Other concerns can be found here. Specifically, October sales were a bit weak for Macy’s, although the items that suffered will probably do better as the weather gets colder. Important competitors for Macy’s includes Dillard’s (DDS) and Saks (SKS). Those stocks have higher price/earnings to growth ratios, although Macy’s has the highest price to sales ratio. Meanwhile, margins for Macy’s are quite strong – those numbers are 40.49% gross and 8.85% operating. As for cash flows, $222 million flowed out during fiscal year 2011 and $367 flowed out in the 9 months after that. Capital expenditures as well as retirement of debt have been the biggest contributors to these outflows.

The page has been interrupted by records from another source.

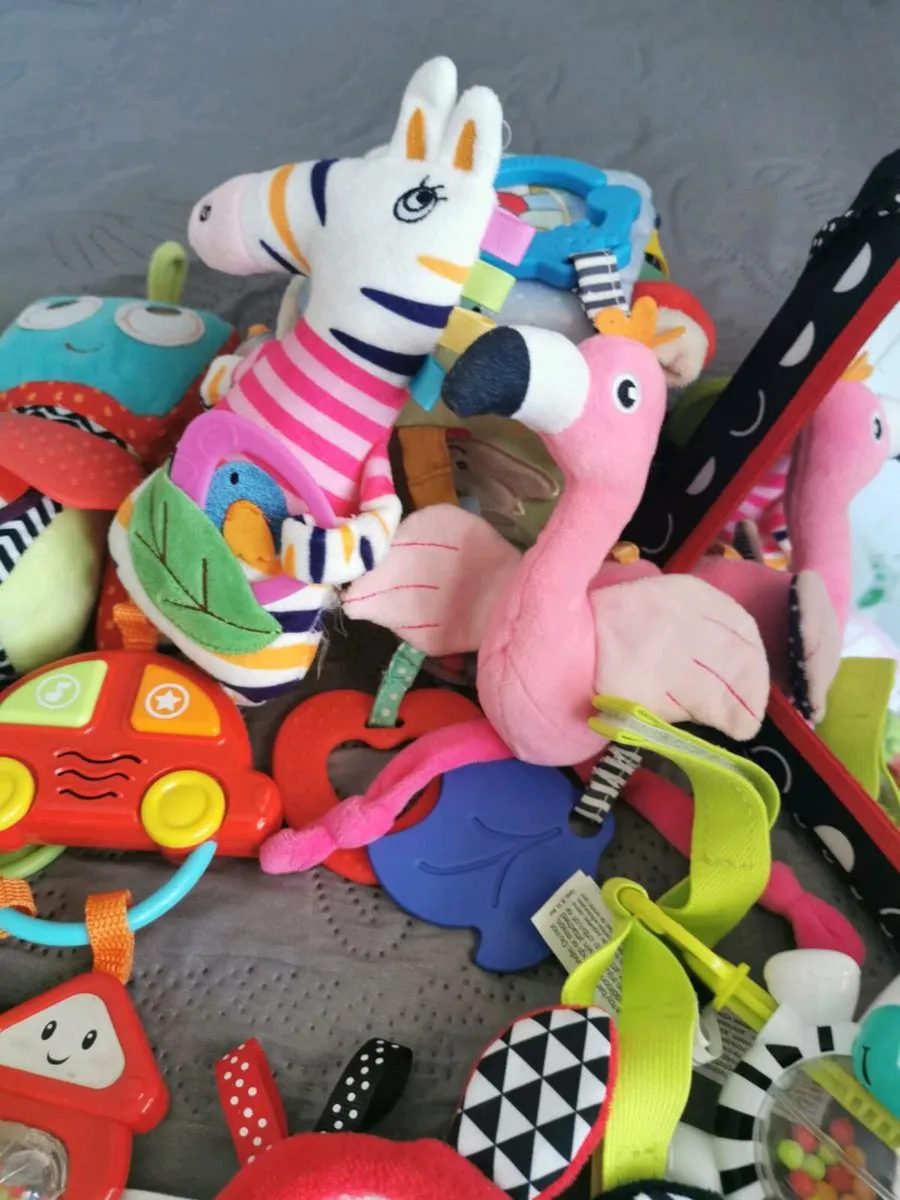 Toys - Image 2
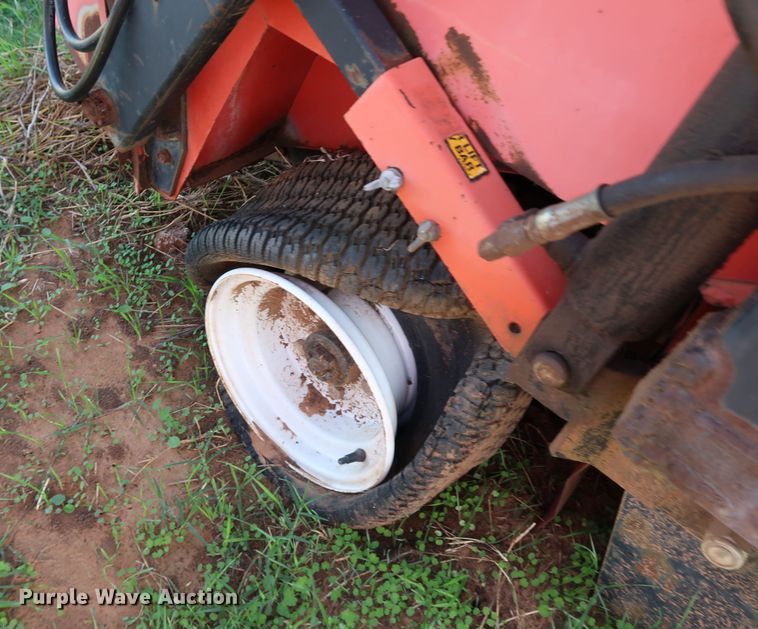 image for item KQ9680 1996 Smithco Sweep Star 60  sweeper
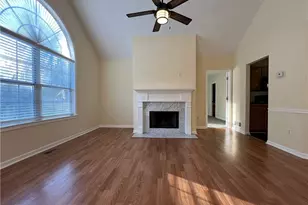 2705 Waymar Dr, Marietta, GA 30008 - Photo 3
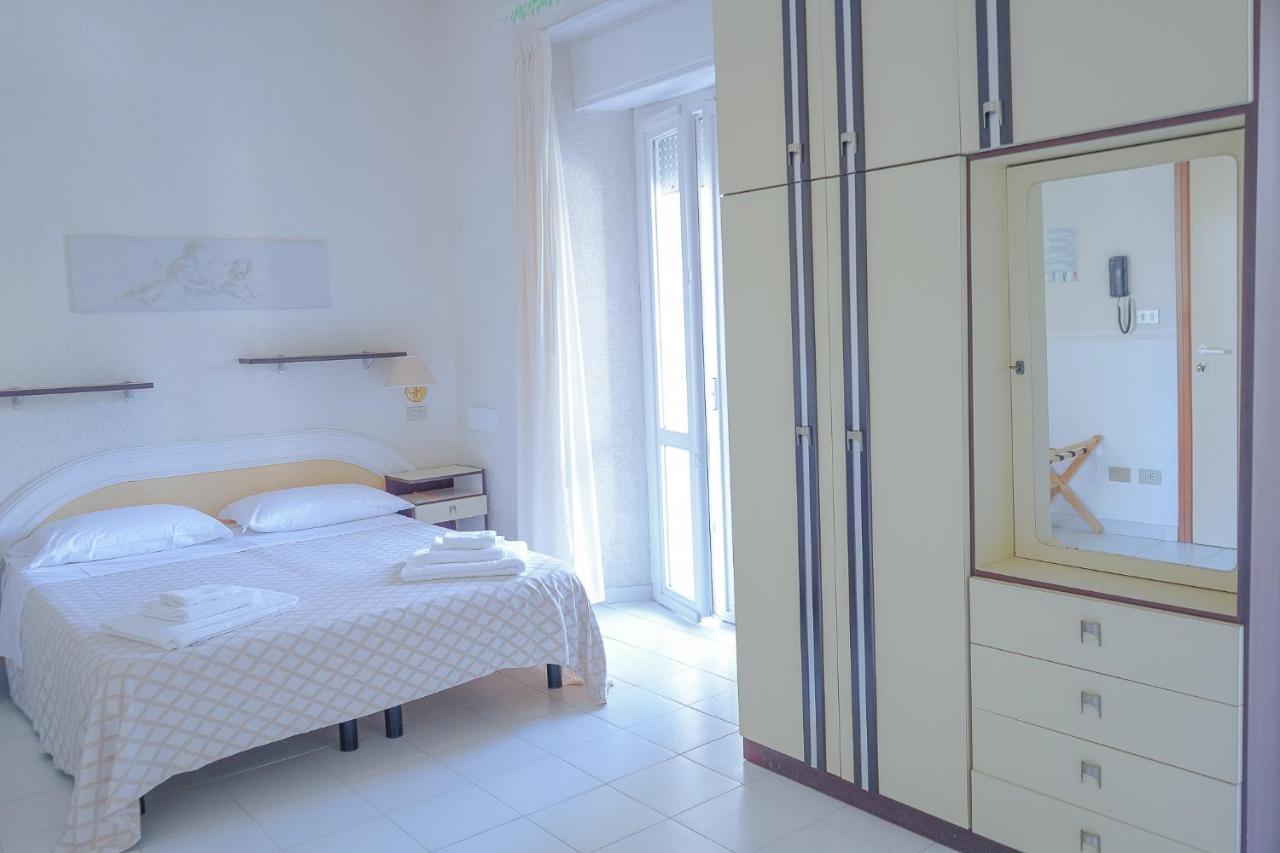 Hotel Continental Cattolica Zewnętrze zdjęcie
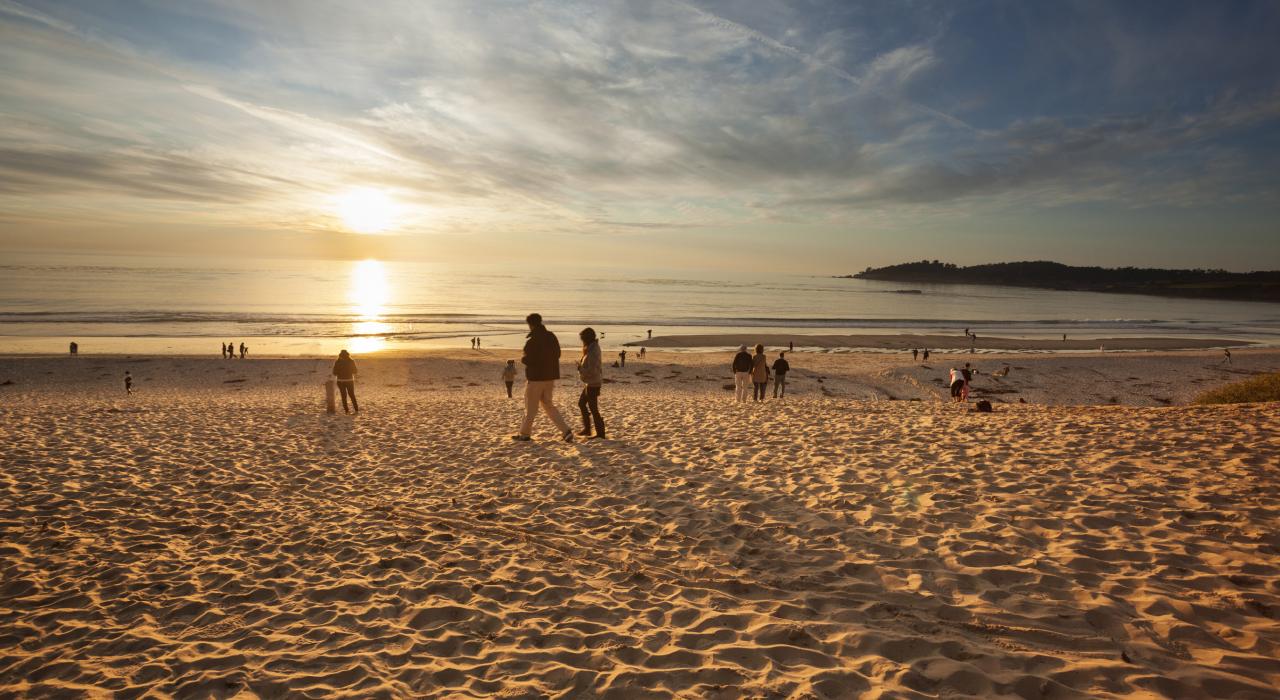 黄昏时分沿着卡梅尔海岸线漫步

Union Pacific (UNP) – Recommended at $102.97; now trading at $98.62. As suggested by the CEO comments found in this article, Union Pacific could be a steady gainer in the coming months. Most significantly, the railroad’s business is improving despite a mediocre economy. Additionally, rail traffic seems to be improving. This is especially true when traffic for certain goods is excluded, which is important for predicting future trends. Union Pacific has also been benefiting from a strong holiday season. Specifically, UPS and FedEx are using the railroad company quite a bit to move packages across the country. Other big players in the railroad industry include Canadian National Railway (CNI), CSX (CSX), and Burlington Northern Santa Fe, which is owned by Berkshire Hathaway (BRK.B).

Investors should note that Union Pacific has a higher price to earnings ratio than Canadian National Railway and CSX. Meanwhile, margins for Union Pacific are about average – those numbers are 41.19% gross and 28.50% operating. As for cash flows, $764 million flowed out during 2010 and $561 million flowed in during the first 9 months of 2011. The turnaround in cash flows was partially due to new loans being taken, although cash from operating activities is also improving.

Whole Foods Markets (WFM) – Recommended at $67.61; now trading at $66.01. One interesting story for Whole Foods Market is that the company is teaming up with The Beer Wench to try to bring in some new customers. Here’s what Michael Bepko, global online community manager for the company, had to say: "Taking our experts and knowledge online with The Beer Wench to connect to some new beer connoisseurs is a natural extension of the community we work hard to create in stores.” Whole Foods is also making an appearance on Goldman Sachs’ list of Best Buys for 2012. In fact, the firm says the stock could rise over 15 percent, which would put it at $80. A new store in Phoenix should also have Whole Foods shareholders excited.

In fact, the Phoenix location figures to be quite lucrative because of the area’s interest in organic products. On the other hand, at least one writer believes that Whole Foods’ emphasis on organic foods isn’t that valuable anymore. Important competitors for Whole Foods include Kroger (KR) and Safeway (SWY). Those stocks have significantly lower price to earnings and price to sales ratios. In fact, Whole Foods higher ratios can be explained by its terrific margins – 34.99% gross and 5.51% operating.